Crucially, that effect increases exponentially with every degree of warming, explains Daniel Swain, a climate scientist at the University of California, Los Angeles. That means that today’s hotter, climate-changed air is much more effective at drying vegetation to a crackle than it was 100 years ago.

“All else being equal, in a warmer world, vegetation is going to be drier, even in a place like California where vegetation is usually dry by autumn. You can still make it drier,” says Swain—and that’s exactly what scientists have watched develop over the past few decades.

Summertime air temperatures in California have warmed by over 3.5 degrees Fahrenheit since the late 1800s, and that summer warming is particularly impactful, new research shows. The area burned across California during the summertime is about eight times higher today than it was only in the 1970s.

The major fires that have devastated the state in the past few years, though, have occurred in the fall, at the end of long, hot summers that sucked the wetness out of trees, shrubs, and other burnable material, but before the winter rains have kicked in.

Overall, the fire season—the time before the winter rains dampen the vegetation—has lengthened by 75 days over the past decades, according to CalFire.

Some of that happens at the early end of the season, in the spring. There’s less and less snow accumulating in the high mountains of California as the climate warms, and that snow is melting away earlier. As spring comes sooner, the dry season extends, leaving vegetation vulnerable to fire sooner in the season.

In some years—often the ones with the most devastating fires—the dry season extends deep into autumn, too.

“Usually—or, I don’t want to even say usually anymore because things are changing so fast—we get some rains around Halloween that wet things down,” says Faith Kearns, a scientist at University of California Institute for Water Resources in Oakland.

Every day those rains don’t come is a day when fires can spark and spread. And in recent years, those rains haven’t kicked in until November, or even December.

But unlike earlier springs, those delays in the autumn rains don’t yet appear to be part of a longer-term trend in most of the state. The biggest climate-induced changes to the precipitation cycle so far seem to be about variability: when it rains, it rains more intensely, but when it’s dry, the droughts are worse. And in the future, the dry season is predicted to stretch longer into the fall.

The winds make things more difficult

Climate change may have already affected the characteristic autumn winds that have so often contributed to spreading fires across large swaths of the state. In the fall and winter, east-to-west (“offshore”) winds often flow across the state, with warm, dry air cascading down the western side of big mountain ranges like the Sierras. As the air flows downwards, it can get channeled into canyons or valleys, speeding as it falls.
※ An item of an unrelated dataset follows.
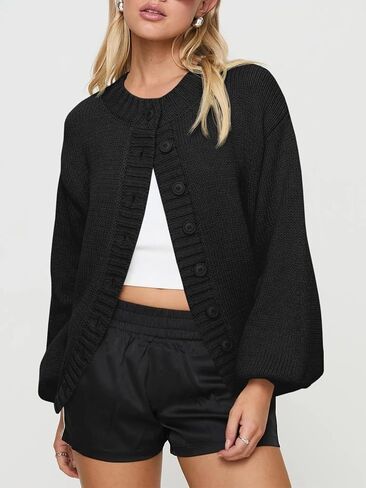 Saodimallsu Womens Long Sleeve Button أسفل Cardigan Swegents Crew Neck Open Front Ment in Saudi Arabia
Gusts can reach 70 or 80 miles per hour. If those speeding winds pass over a flame, they can spread it far and wide, fast—which is exactly what happened during 2018’s Camp Fire, 2017’s Thomas Fire, and many more.

There’s some evidence that climate change may actually make some of those wind patterns, like southern California’s Santa Ana winds, less frequent in the future. But that doesn’t necessarily presage a respite. The intensity is likely to stay strong in the winter, and in a drier, hotter future, the outcome could be fires that start later in the season but burn for longer.

Scientists are working hard to understand exactly how rain, snow, and winds will change—but the warming and drying patterns are clear.

“It just gets harder to predict,” says Kearns. “We used to have a much more reliable rainy season and fire season, and a lot of variables are just shifting at the moment.”